Thoughts on Camping

I came across this recently, which I had written back in the fall when Husband and I went camping last. Reading my own words made me realize that as much as I love hunkering down in my home, I’m developing a bit of cabin fever. I’m ready for winter to be over and warm weather to come again…

I’m going camping. I’m going camping. I’m going camping.

This has been my refrain for days now, looking forward to the blissful 48 hours I get to spend in the mountains, away from life and all its responsibilities. A wet 48 hours to be sure, but 48 of them all to ourselves. And the Giga, always with the Giga.

I think this is my favorite part of camping. Right here. The first night. The tent is set up, firewood is gathered, the pup is settled, Husband is puttering around the campsite adjusting things. I’m sitting by the fire soaking it all in. This.

It’s the anticipation. The “we’re finally here”. The sounds of crickets and frogs and all kinds of amazing things — a sound the drowns out the voices of our temporary “neighbors”. It’s so loud it is overwhelming. And it’s perfect. Because we’re here, doing this. We have the whole weekend ahead of us.

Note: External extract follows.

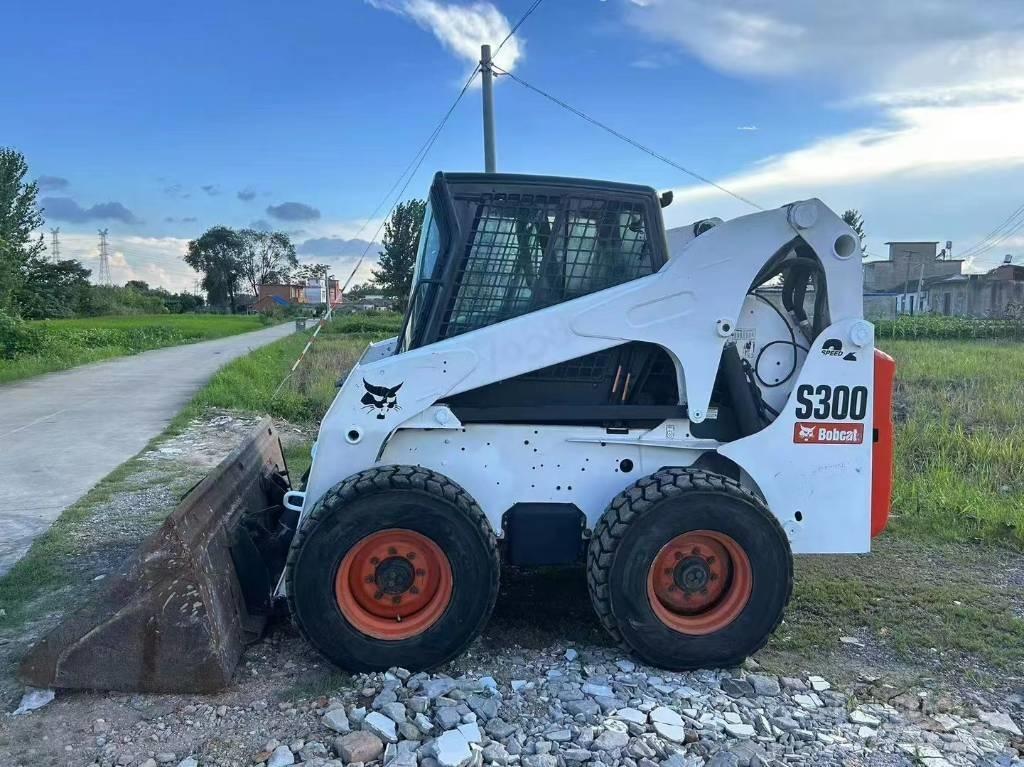 Bobcat S 300 Lietoti riteņu kompaktiekrāvēji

Our campsite at Sherando Lake State Recreation Area

On this first evening, I’m dreaming about sleeping in the tent. In my dreams its just like my childhood, where I slept so soundly cuddled far down in my sleeping bag. The ground wasn’t too hard. The noises weren’t worrisome (I think it necer occurred to me that a bear might visit our campsite, which most definitely happened the last time we went camping). I was a small child, given the shortest spot to lay, by the door or on the step (yes, my “bed” in our pop-up was the step up to the boys’ bed), but it never bothered me. It was never cramped. I don’t think about fitting my 5’7″ frame with Husband’s 6’2″ body and a 65 lb lanky dog in a 2-person tent. In fact, I long for it.

I recollect camping in the heat as a child, just like I remember camping in the freezing cold while in college, but it isn’t quite tangible to me anymore. I forget the sticky sweaty feeling of humid summer camping.

I look forward to waking up with the sun in the morning, somehow blocking from mind that it’s usually the sound of car doors slamming and children squeeling that wakes me at campgrounds. I forget just how hard it is to dress in a compact tent (skinny jeans are NOT the best option here).

I dream about hiking up the mountain tomorrow, about the view from the top and the euphoria of reaching it. I forget that I work a desk job now and am terribly out of shape, that it’s hot and sticky and we don’t have any water bottles. I anticipate the exuberance of the pup while forgetting that she will be pulling my arm out of its socket for at least the first mile or two.

Hiking Humpback Rocks Trail

Yes, the first night my eyes are full of stars. My heart is content, I am looking forward to everything the weekend will bring. Inevitably, it won’t be glamourous. The ground will be hard, the air thick, I’ll sleep fitfully. The hike will be steep, my thighs will burn and I will huff and puff throughout. Cleanup will be a bear. Everything will be sandy and nothing will fit exactly the way it did when we packed it at home. And, more than likely, it will all be soaked by the impending storm.

But when we leave, it will be with a sense of satisfaction. A knowing of having conquered the great outdoors. A rhythm that we only achieve when we get to spend days on end together. A wistfulness from having to leave it all behind. And when we arrive back to our real lives — the messy, over-ful, too busy, hard lives that we live — we will ache to return to our beautiful mountains. We will dream of the simplicity of life there. And we will forget all about the smell of bug spray, the stickiness of sweat, the constant grit of sand between our toes, the hardness of the ground, the reality of our physical condition. And we will wait with anticipation for the next chance we have to embark on such an adventure.